D. Socio-economic Factors Influencing Gold Demand in India
The correlation between countryside earnings and gold consumption in India is a topic of great fascination in economic studies. Research conducted by Agarwal and Singh (2019) has demonstrated that the desire for gold in rural India is intricately connected to agricultural revenue, which is, in turn, impacted by elements such as harvest productivity and market rates for farming commodities. This connection is additionally expounded by Mehta (2021), who observes that in prosperous agricultural years, rural households have a tendency to allocate more resources towards gold, perceiving it as a reliable and palpable asset. This phenomenon highlights the pivotal function of rural economics in influencing the desire for gold in a nation where a substantial segment of the populace dwells in rural regions (Kumar and Rao, 2022).
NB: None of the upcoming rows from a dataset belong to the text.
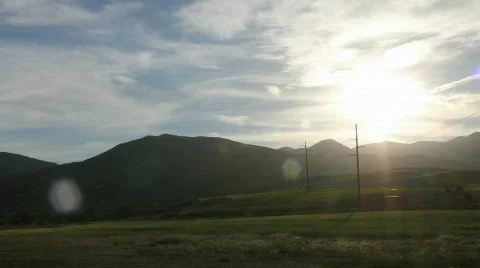 Sunset With Power Lines HD Stock Footage 740314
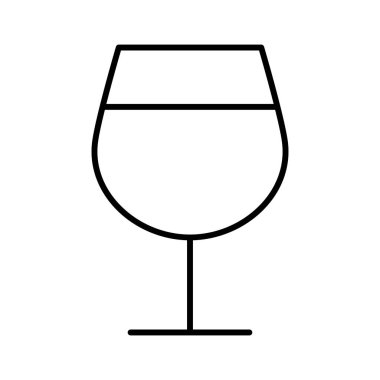 Beyaz arkaplanda şarap kadehi simgesi, vektör illüstrasyonu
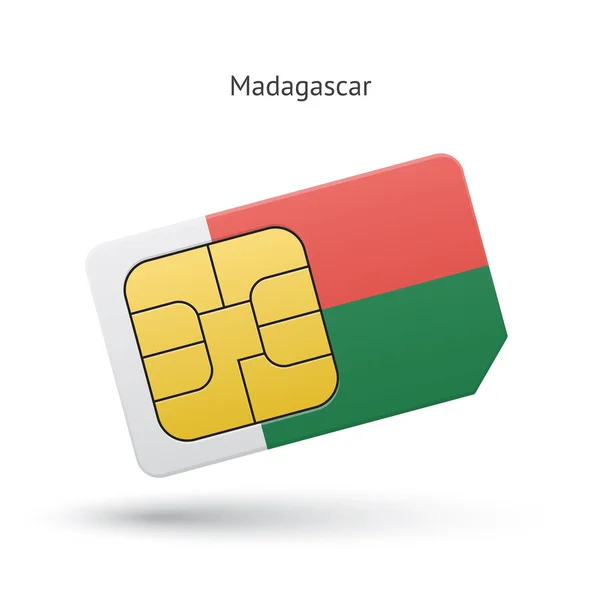 Madagascar mobile phone sim card with flag. — Stock Vector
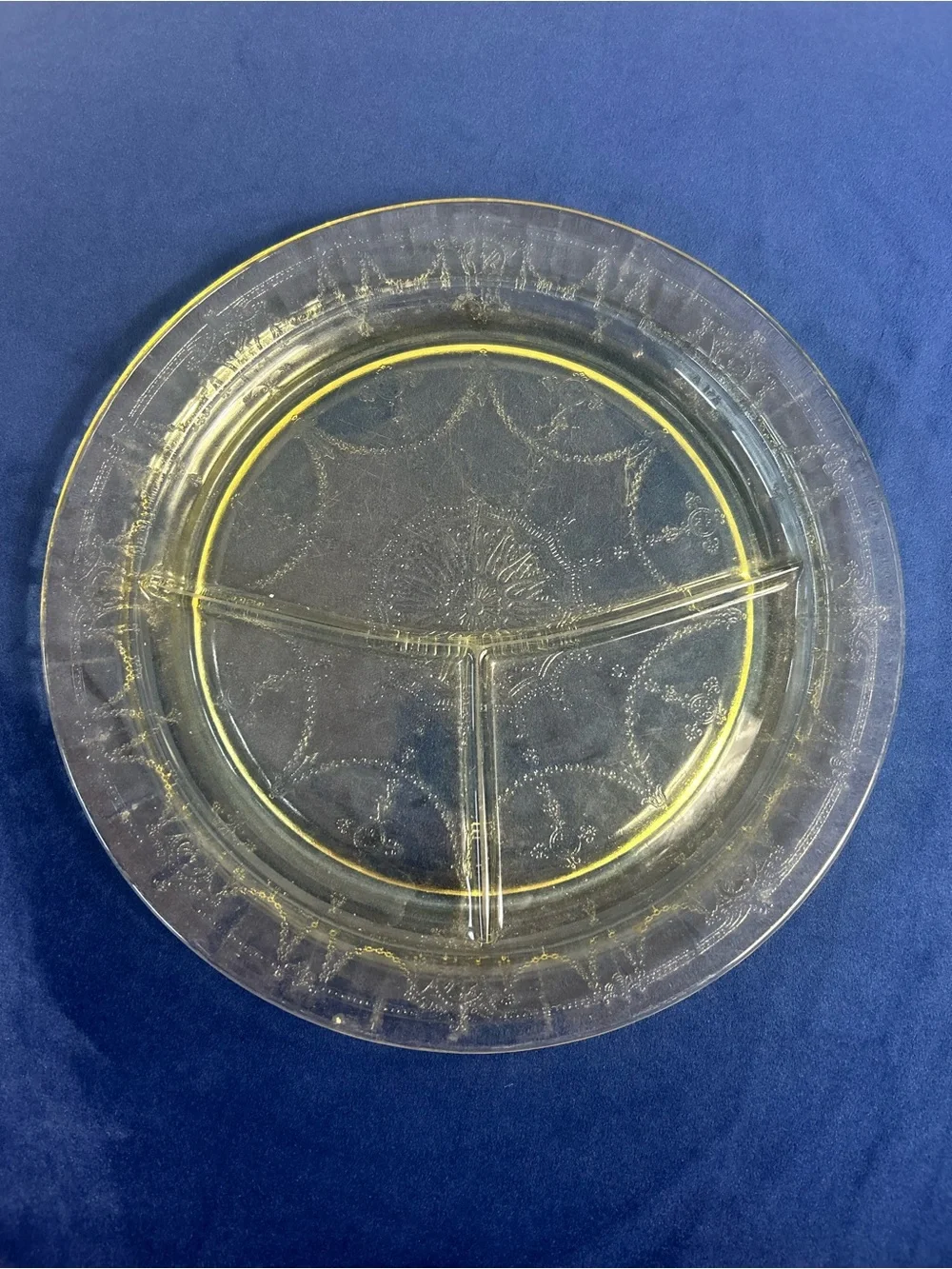 Clear Glass Divided Serving Plate - Yellow Tint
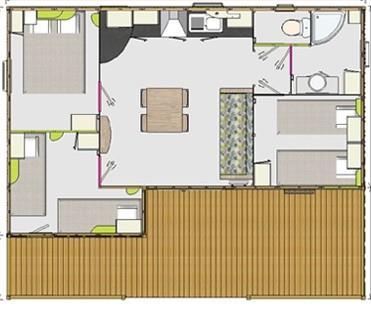 Camping Bois de Gravière - Chalet tradition 35m² (3 rooms + couvert terrace) - Photo 4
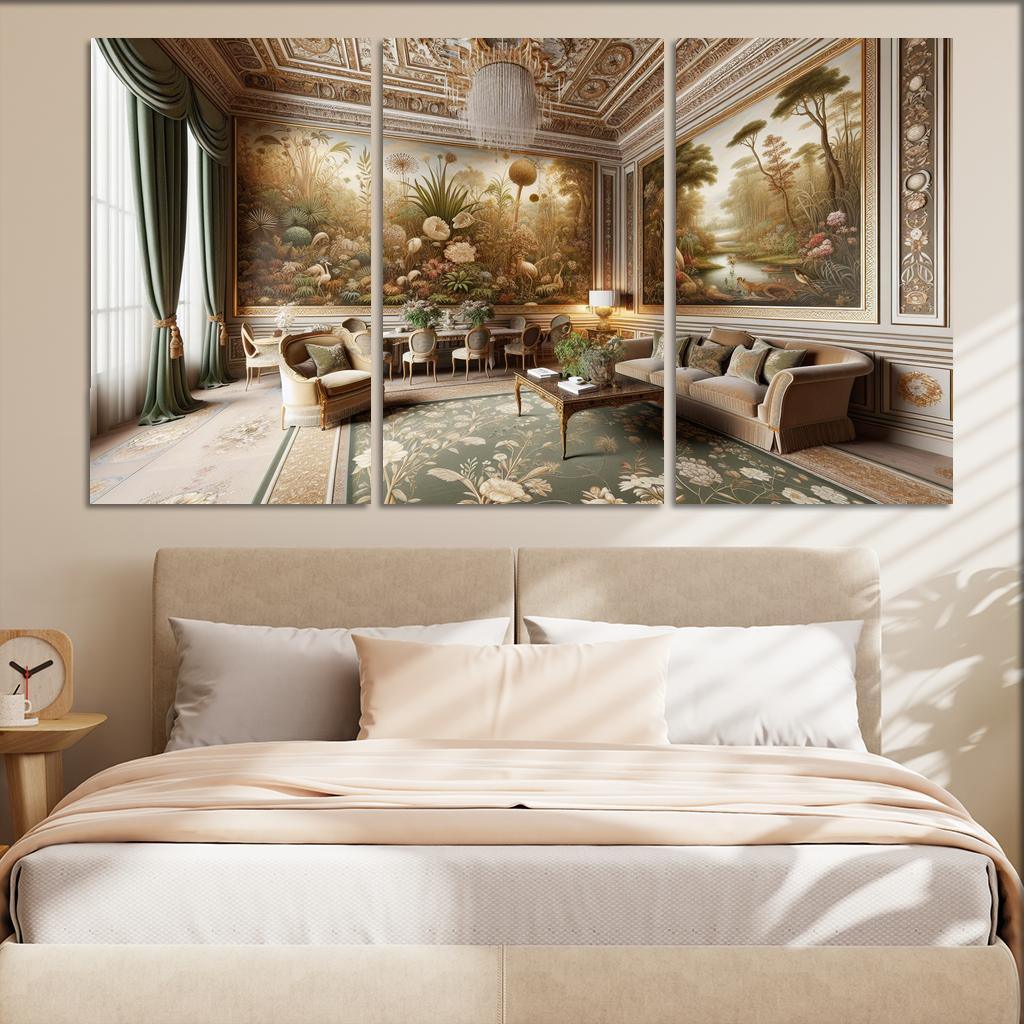 Vintage-Style Framed Botanical Prints 3 Piece HD Canvas Wall Art-Original Frame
Monsoon trends in India have a straightforward and significant influence on the gold industry, a phenomenon examined extensively by Nair (2022). Considering that a substantial portion of the Indian economy is agrarian and relies on monsoon showers, favourable monsoon periods usually result in augmented expendable earnings in rural regions, which frequently converts into elevated gold acquisitions. On the flip side, feeble monsoon seasons can result in diminished gold demand owing to decreased agricultural earnings. This distinctive facet of the Indian gold market emphasises the convergence of ecological elements and financial conduct (Joshi and Patel, 2023).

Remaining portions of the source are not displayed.